→ **DIRECTIONS**: Reproduce the lines below exactly. Begin with the first, end with the line containing "Hello everyone, welcome", and leave out the pictures.

→ **Stored data**:
###

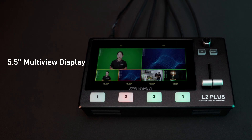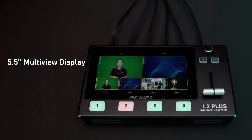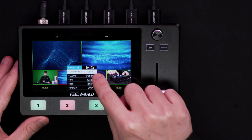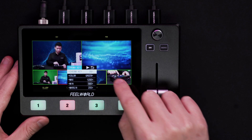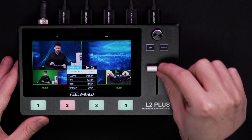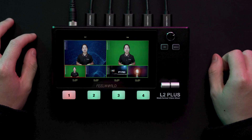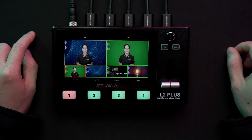What's surprising is the 5.5 inch touchscreen on the front panel of the L2 Plus. The LCD screen presents four input sources, PST preview picture, and PGM output picture, so that you can preview channels and inputs before they are sent to program.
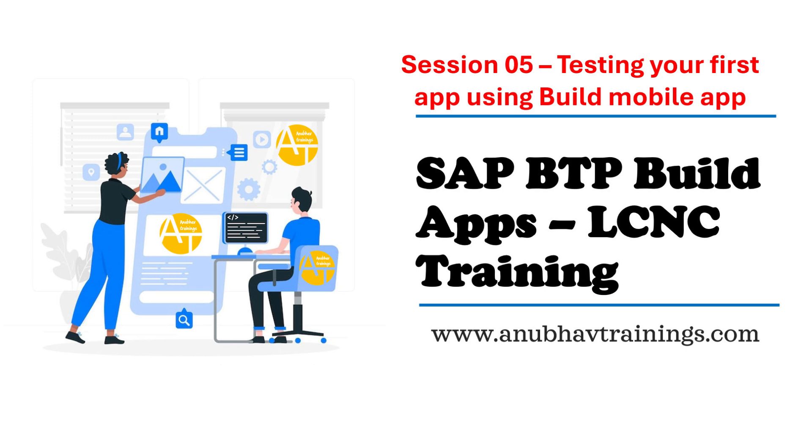Hello and welcome back everyone to the next episode on SAP Build Apps training with me at anubavtrainings.com. In our last episode, we talked about how to design and develop our first Hello World application using Build Apps with a Donald Duck.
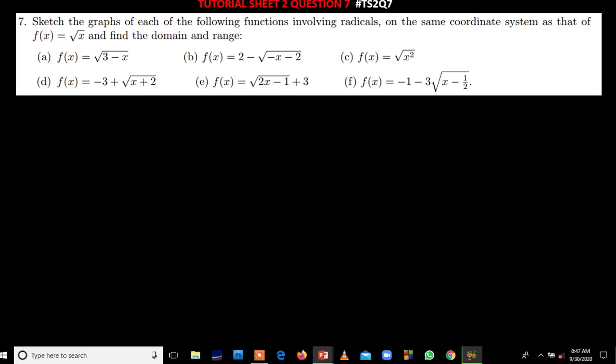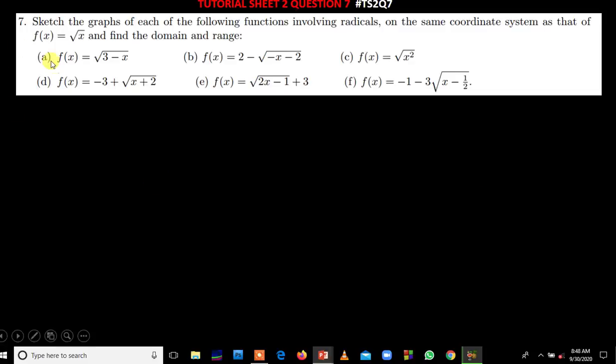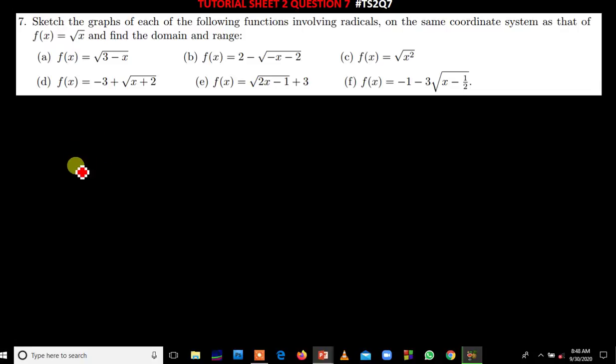Hi everyone, I come back with another tutorial. This is question 7 from your tutorial sheet 2, MSM111. Please kindly subscribe to my channel so that you don't miss out the videos I'm going to be sending. So we quickly begin. The question is telling us to sketch the graphs of each of the functions involving radicals on the same coordinate system as that of the root of x, and find the domain and the range. This is a very simple and straightforward question, if not the simplest question in the tutorial sheet.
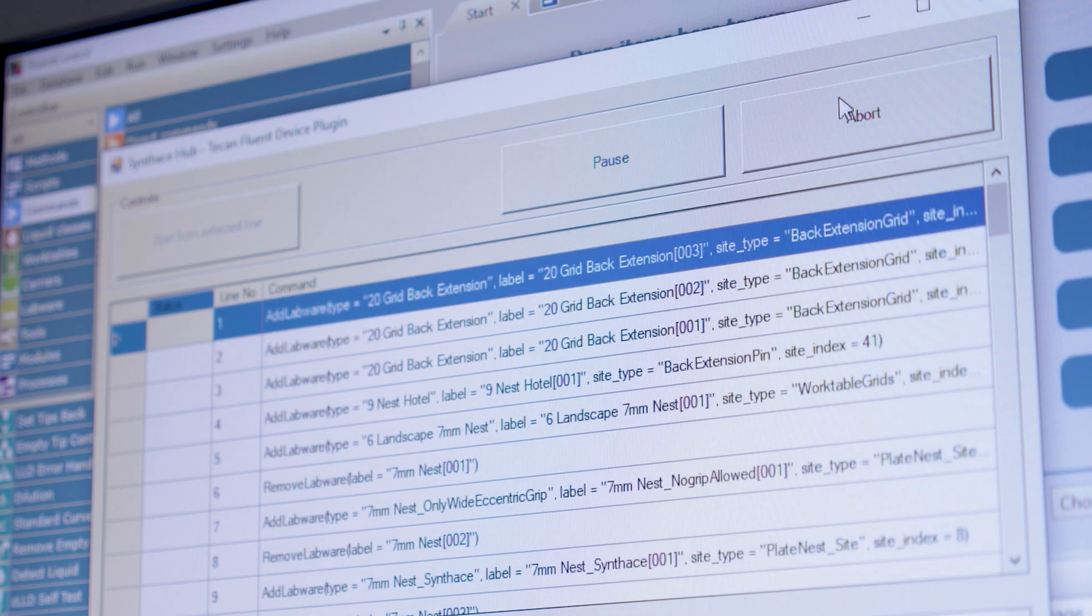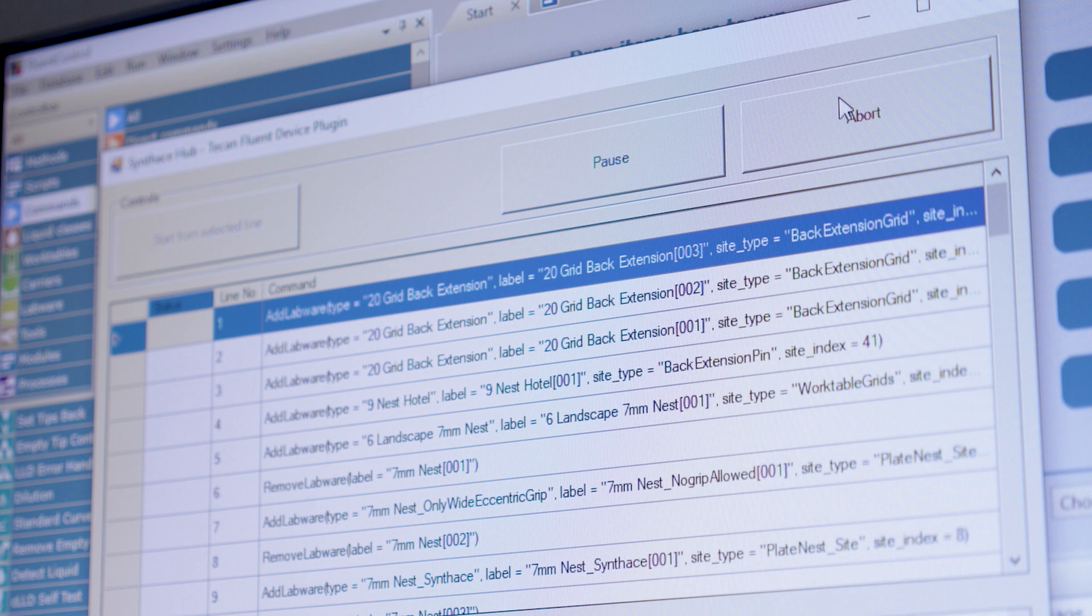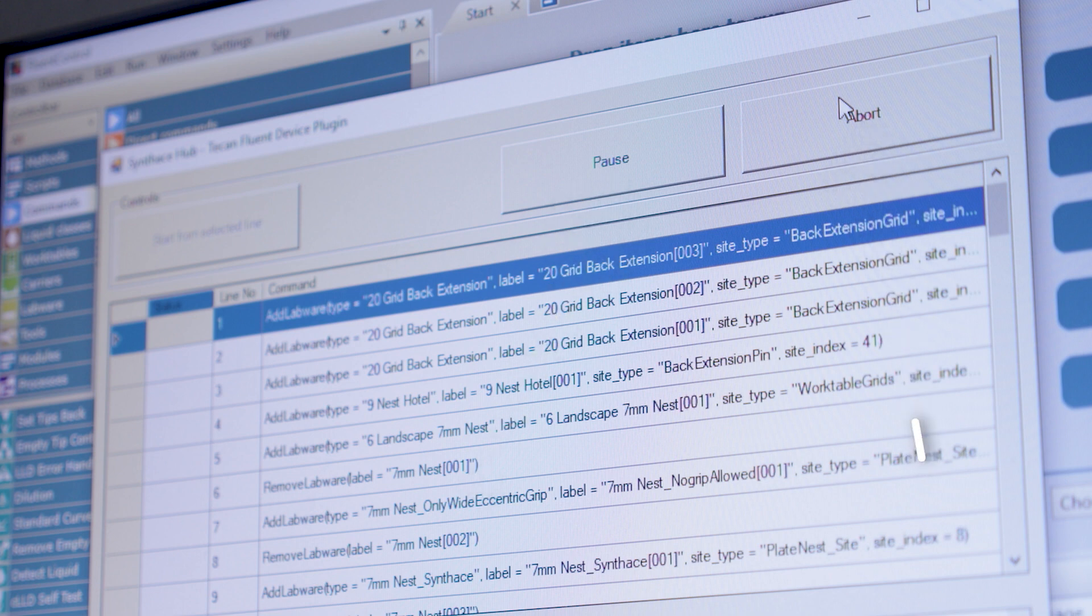The device plugin window will open. This shows all the actions that the Fluent is performing. To start the run just click start from selected line. After that you don't need to interact with this but you can use it to pause or abort an execution or resume from a specific line.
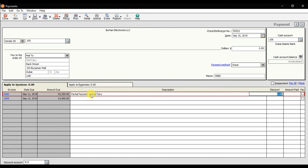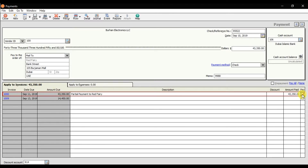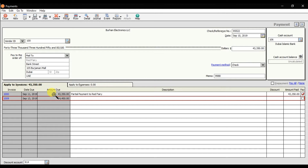Press Enter. If there is a discount you can enter the amount manually, and if you are paying partially you need to enter the amount manually. We are paying 50,000 total, so against the first invoice we'll click Pay to select the entire amount of 43,350. The balance remaining will be applied against the second invoice. That is the partial payment scenario — we're paying 43,350 against the first invoice, and the remaining amount against invoice 1009.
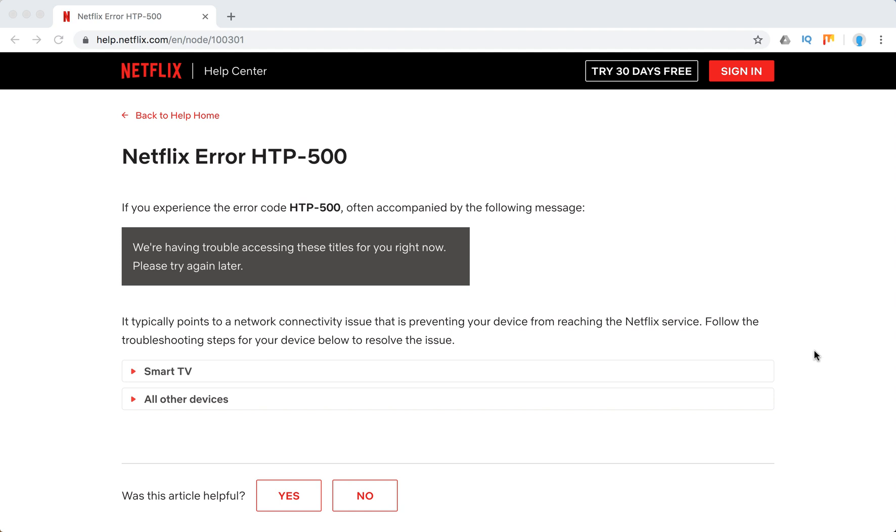Hello everyone, welcome to MrHack.io. So what to do if you experience Netflix error HTP 500? It's often accompanied by the following message: We are having trouble accessing these titles for you right now, please try again later.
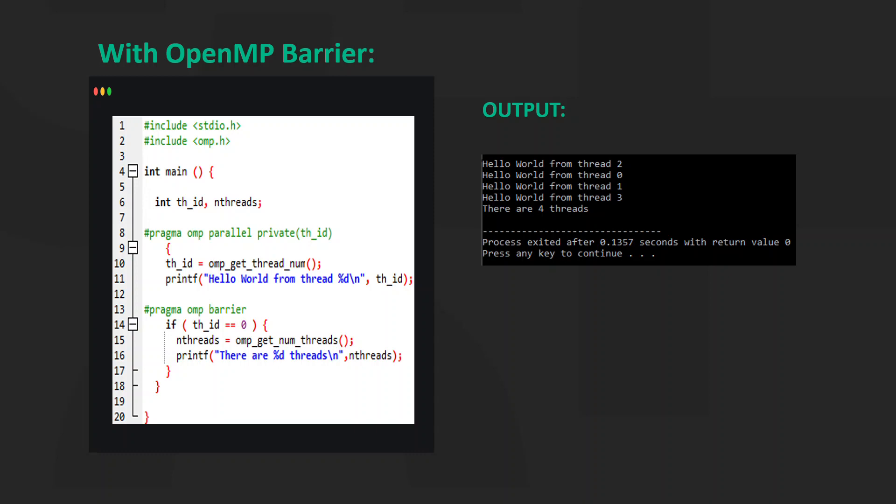This is because hash pragma OMP barrier generates a barrier which means that all the threads wait for each other and no thread is allowed to continue until all threads reach the barrier. And then the number of threads get printed. Thus, we got the expected and observed output to be the same.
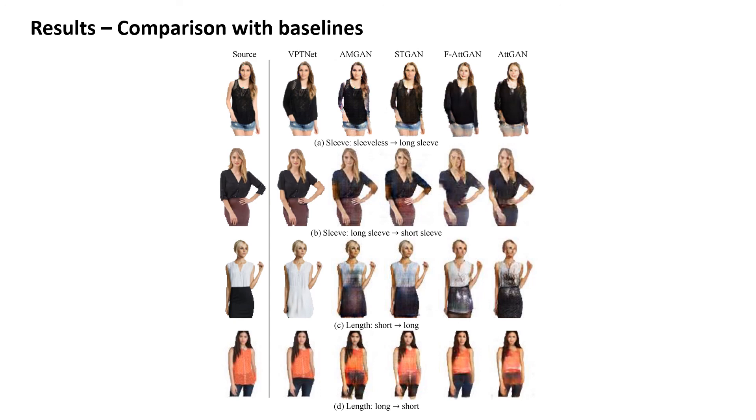Our method can also perform multiple attribute editing. Thank you for listening.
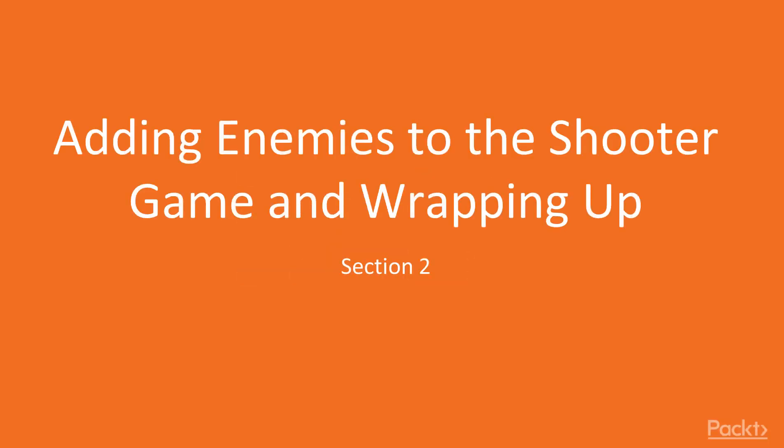Hi, and welcome to adding enemies to the shooter game and wrapping up section. In the previous section we learnt how to create a VR shooter game in Unreal Engine 4.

###

→ **FINISHED EXERCISE**:
What's surprising is the 5.5 inch touchscreen on the front panel of the L2 Plus. The LCD screen presents four input sources, PST preview picture, and PGM output picture, so that you can preview channels and inputs before they are sent to program.
Hello and welcome back everyone to the next episode on SAP Build Apps training with me at anubavtrainings.com. In our last episode, we talked about how to design and develop our first Hello World application using Build Apps with a Donald Duck.
Hi everyone, I come back with another tutorial. This is question 7 from your tutorial sheet 2, MSM111. Please kindly subscribe to my channel so that you don't miss out the videos I'm going to be sending. So we quickly begin. The question is telling us to sketch the graphs of each of the functions involving radicals on the same coordinate system as that of the root of x, and find the domain and the range. This is a very simple and straightforward question, if not the simplest question in the tutorial sheet.
The device plugin window will open. This shows all the actions that the Fluent is performing. To start the run just click start from selected line. After that you don't need to interact with this but you can use it to pause or abort an execution or resume from a specific line.
Press Enter. If there is a discount you can enter the amount manually, and if you are paying partially you need to enter the amount manually. We are paying 50,000 total, so against the first invoice we'll click Pay to select the entire amount of 43,350. The balance remaining will be applied against the second invoice. That is the partial payment scenario — we're paying 43,350 against the first invoice, and the remaining amount against invoice 1009.
Hello everyone, welcome to MrHack.io. So what to do if you experience Netflix error HTP 500? It's often accompanied by the following message: We are having trouble accessing these titles for you right now, please try again later.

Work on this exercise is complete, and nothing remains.